AB: You are considered a close friend of the former Congress president Rahul Gandhi. What’s your advice to him in these current times when the Congress party is going through a difficult phase?
HS: (laughs) I addressed a joint meeting with Rahulji [on December 12.] I don’t think there is a need to do so. Leaders of his stature have their own set-up and mechanism to get feedback.

AB: What do you expect from the poll results? How many seats will JMM win?
HS: That’s an interesting question and I will have to give you a figure now. But honestly, this language of claiming 65 paar, 70 paar, 300 paar” is of the BJP. And we don’t do such politics.

AB: Give me a number?
HS: As I had said earlier, we are political warriors. We understand only two terms—victory or defeat.

AB: You have given 31 seats to Congress as part of the alliance. What’s your expectation from the Congress?
HS: I don’t run a survey agency. But I can assure you that JMM, Congress, and RJD are going to win the elections.

AB: Many poll pundits are saying that the JMM committed a political blunder by giving 31 seats to the Congress.
HS: See, as far as Congress’ numbers are concerned, you should approach them. Now we have passed the stage of discussing about seat-sharing. But I can assure you, they will perform well.
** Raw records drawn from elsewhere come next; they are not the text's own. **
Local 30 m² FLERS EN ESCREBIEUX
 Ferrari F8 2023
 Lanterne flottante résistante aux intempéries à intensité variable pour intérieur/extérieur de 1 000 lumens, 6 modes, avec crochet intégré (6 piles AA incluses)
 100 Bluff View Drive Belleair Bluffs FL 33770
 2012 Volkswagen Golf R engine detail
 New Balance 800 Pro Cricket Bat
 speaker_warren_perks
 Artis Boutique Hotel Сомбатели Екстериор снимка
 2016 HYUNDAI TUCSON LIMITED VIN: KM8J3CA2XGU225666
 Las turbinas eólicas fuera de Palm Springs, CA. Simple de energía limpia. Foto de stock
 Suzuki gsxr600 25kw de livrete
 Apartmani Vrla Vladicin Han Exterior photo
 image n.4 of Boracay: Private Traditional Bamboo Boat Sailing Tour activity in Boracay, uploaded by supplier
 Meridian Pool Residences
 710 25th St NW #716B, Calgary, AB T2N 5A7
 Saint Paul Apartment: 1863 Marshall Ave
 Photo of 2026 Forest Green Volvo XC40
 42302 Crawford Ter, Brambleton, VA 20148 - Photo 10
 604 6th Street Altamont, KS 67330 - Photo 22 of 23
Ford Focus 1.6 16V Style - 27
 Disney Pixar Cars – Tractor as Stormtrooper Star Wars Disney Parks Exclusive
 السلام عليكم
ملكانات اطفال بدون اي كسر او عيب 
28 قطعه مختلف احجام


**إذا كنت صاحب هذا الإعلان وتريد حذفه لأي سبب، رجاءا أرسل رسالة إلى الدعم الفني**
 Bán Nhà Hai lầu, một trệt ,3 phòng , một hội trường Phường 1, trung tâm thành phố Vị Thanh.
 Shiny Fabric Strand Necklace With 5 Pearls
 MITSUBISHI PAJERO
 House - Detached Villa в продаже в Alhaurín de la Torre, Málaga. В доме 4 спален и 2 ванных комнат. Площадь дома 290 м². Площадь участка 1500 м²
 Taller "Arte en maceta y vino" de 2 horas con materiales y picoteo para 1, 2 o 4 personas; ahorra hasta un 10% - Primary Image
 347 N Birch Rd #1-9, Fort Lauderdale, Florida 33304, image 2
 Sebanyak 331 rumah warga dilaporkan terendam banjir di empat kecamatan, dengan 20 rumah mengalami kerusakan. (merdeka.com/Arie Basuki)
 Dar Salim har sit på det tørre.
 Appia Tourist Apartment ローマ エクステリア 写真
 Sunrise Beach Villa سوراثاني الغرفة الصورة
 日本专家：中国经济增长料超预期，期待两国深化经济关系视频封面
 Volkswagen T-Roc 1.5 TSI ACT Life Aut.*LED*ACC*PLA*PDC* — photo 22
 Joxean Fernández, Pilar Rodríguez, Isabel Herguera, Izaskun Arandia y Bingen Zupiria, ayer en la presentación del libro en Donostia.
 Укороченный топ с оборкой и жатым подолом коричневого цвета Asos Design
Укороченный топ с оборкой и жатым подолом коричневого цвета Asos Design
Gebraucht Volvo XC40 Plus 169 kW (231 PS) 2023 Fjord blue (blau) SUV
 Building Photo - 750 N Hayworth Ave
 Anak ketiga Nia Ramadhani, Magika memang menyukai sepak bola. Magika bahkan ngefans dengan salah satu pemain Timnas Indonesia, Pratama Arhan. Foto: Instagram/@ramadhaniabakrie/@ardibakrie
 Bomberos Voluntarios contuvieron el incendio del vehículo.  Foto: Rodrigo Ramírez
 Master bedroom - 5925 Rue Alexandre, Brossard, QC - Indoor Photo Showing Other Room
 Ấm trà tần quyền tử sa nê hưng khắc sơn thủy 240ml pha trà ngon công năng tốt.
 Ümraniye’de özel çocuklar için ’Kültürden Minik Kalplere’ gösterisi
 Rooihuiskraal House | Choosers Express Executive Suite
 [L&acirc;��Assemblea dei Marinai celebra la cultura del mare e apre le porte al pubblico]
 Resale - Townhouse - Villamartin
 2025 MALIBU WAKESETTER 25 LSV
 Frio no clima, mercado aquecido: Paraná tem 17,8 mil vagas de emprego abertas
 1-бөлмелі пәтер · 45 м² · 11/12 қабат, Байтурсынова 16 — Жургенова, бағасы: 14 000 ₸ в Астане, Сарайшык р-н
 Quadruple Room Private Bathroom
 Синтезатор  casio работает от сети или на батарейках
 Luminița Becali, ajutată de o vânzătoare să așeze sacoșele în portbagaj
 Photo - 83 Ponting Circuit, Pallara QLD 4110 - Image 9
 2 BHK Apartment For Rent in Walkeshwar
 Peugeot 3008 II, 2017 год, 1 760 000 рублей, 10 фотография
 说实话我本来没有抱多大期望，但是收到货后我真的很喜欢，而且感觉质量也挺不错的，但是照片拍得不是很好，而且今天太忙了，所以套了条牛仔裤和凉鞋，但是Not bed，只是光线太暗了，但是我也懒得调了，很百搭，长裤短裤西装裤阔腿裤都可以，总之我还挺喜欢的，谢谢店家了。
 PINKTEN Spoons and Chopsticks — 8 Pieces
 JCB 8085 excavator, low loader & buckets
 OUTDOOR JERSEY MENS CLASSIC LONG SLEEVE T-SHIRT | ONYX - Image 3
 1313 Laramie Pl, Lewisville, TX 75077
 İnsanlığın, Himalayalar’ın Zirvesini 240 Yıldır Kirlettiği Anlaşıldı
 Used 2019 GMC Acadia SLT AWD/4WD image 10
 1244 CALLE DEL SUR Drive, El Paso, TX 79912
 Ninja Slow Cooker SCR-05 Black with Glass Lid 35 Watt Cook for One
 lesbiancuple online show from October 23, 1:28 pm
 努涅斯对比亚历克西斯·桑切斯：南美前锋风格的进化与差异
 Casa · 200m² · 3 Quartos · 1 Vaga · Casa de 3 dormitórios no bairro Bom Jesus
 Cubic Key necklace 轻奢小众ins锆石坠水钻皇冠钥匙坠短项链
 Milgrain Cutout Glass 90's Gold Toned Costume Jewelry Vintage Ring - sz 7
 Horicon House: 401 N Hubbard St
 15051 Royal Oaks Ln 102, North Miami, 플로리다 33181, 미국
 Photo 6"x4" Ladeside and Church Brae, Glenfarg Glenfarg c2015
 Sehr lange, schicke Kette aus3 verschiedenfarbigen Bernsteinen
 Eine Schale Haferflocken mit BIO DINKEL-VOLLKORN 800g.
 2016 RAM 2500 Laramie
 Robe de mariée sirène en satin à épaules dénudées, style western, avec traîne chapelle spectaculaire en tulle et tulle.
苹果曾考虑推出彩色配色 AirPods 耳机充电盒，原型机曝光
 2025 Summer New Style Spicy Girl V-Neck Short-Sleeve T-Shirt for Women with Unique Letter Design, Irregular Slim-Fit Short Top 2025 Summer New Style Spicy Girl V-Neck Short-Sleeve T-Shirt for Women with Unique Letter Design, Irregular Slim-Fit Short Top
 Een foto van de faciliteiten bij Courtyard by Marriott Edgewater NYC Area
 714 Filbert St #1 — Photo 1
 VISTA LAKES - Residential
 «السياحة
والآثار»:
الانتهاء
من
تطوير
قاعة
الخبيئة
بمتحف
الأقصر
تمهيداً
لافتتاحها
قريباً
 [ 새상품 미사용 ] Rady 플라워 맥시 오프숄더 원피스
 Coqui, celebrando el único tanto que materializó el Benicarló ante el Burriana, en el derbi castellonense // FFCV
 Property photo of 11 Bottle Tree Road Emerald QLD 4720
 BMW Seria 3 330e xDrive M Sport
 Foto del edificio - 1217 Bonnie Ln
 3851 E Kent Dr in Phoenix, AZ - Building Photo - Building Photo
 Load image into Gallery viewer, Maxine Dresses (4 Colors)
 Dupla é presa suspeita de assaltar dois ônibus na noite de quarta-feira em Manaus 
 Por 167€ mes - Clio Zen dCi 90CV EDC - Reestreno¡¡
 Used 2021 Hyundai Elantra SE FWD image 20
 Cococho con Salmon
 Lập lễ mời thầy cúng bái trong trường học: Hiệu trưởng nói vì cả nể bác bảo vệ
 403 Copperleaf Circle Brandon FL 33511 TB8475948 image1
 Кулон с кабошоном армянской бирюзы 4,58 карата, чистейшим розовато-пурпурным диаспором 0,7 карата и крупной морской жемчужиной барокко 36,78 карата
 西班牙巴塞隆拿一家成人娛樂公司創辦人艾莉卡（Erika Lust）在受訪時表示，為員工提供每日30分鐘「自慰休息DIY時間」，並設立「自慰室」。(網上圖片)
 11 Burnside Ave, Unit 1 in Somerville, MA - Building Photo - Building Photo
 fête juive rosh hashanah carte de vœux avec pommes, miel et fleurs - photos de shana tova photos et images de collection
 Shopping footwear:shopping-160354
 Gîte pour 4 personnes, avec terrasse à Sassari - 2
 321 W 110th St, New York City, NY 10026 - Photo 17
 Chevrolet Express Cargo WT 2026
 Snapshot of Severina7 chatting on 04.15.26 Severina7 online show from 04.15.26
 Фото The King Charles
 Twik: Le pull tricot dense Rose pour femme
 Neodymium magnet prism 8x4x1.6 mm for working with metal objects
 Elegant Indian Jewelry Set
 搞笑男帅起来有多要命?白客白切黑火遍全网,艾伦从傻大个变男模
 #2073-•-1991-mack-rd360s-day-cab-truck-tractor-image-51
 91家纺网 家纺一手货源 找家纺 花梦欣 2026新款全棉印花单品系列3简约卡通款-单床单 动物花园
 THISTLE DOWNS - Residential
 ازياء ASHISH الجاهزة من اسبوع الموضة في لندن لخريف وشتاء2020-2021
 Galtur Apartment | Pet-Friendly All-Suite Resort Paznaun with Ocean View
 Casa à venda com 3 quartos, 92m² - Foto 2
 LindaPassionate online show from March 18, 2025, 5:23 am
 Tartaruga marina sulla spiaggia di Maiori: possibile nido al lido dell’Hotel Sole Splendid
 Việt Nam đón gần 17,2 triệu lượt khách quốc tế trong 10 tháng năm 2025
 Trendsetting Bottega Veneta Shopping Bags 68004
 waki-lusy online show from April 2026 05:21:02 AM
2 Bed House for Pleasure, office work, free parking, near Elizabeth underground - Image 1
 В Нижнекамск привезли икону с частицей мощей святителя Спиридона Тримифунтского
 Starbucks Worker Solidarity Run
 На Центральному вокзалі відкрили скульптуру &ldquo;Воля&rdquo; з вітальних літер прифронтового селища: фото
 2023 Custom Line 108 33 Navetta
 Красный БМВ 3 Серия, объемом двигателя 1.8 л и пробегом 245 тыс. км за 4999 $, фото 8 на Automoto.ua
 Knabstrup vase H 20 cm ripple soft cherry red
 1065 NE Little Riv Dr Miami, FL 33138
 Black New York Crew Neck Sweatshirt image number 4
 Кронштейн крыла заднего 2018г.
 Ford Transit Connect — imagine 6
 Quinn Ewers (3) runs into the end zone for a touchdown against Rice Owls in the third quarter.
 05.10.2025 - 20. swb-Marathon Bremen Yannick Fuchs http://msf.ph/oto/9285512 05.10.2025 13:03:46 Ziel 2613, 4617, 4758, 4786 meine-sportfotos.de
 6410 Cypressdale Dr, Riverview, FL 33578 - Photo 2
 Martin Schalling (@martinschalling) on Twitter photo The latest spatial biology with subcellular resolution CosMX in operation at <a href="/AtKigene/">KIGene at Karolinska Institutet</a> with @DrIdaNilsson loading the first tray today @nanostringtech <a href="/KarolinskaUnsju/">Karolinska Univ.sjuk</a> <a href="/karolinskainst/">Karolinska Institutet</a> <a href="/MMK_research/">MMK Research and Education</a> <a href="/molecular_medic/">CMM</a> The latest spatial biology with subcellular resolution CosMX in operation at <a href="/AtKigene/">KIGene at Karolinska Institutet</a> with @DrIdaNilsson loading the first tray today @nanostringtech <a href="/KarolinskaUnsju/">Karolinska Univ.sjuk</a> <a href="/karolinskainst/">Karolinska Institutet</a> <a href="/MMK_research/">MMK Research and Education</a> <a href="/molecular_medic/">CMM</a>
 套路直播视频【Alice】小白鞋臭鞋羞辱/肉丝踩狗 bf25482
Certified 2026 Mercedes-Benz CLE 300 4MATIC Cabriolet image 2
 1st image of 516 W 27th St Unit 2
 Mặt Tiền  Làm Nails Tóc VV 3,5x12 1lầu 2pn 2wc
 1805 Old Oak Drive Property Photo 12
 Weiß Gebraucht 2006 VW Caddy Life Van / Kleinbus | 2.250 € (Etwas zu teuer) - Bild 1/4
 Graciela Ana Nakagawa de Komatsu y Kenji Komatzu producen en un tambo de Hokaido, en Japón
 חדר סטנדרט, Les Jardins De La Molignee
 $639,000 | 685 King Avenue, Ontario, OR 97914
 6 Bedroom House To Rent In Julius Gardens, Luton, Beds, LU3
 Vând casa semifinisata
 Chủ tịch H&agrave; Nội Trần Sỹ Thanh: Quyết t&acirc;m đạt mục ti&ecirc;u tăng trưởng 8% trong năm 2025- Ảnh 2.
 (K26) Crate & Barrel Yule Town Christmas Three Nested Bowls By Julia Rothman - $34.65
AB: There has been speculation about internal family disputes and differences in the Soren family. Can you comment on this?
HS: See, we don’t run just a party but a political family. Any family and every family have internal disputes and we are no different. Once we keep things in a systematic order and try to resolve internal problems, things fall in their place.

AB: Can you promise the voters that you will not enter into a post-poll alliance with the BJP?
HS: I would say, in politics, one cannot respond to hypothetical questions. There is only one possibility after the results—the grand alliance is forming the government in Jharkhand.

AB: With how many seats?
HS: With a full majority. We will win 50 plus seats.

This interview has been edited and condensed.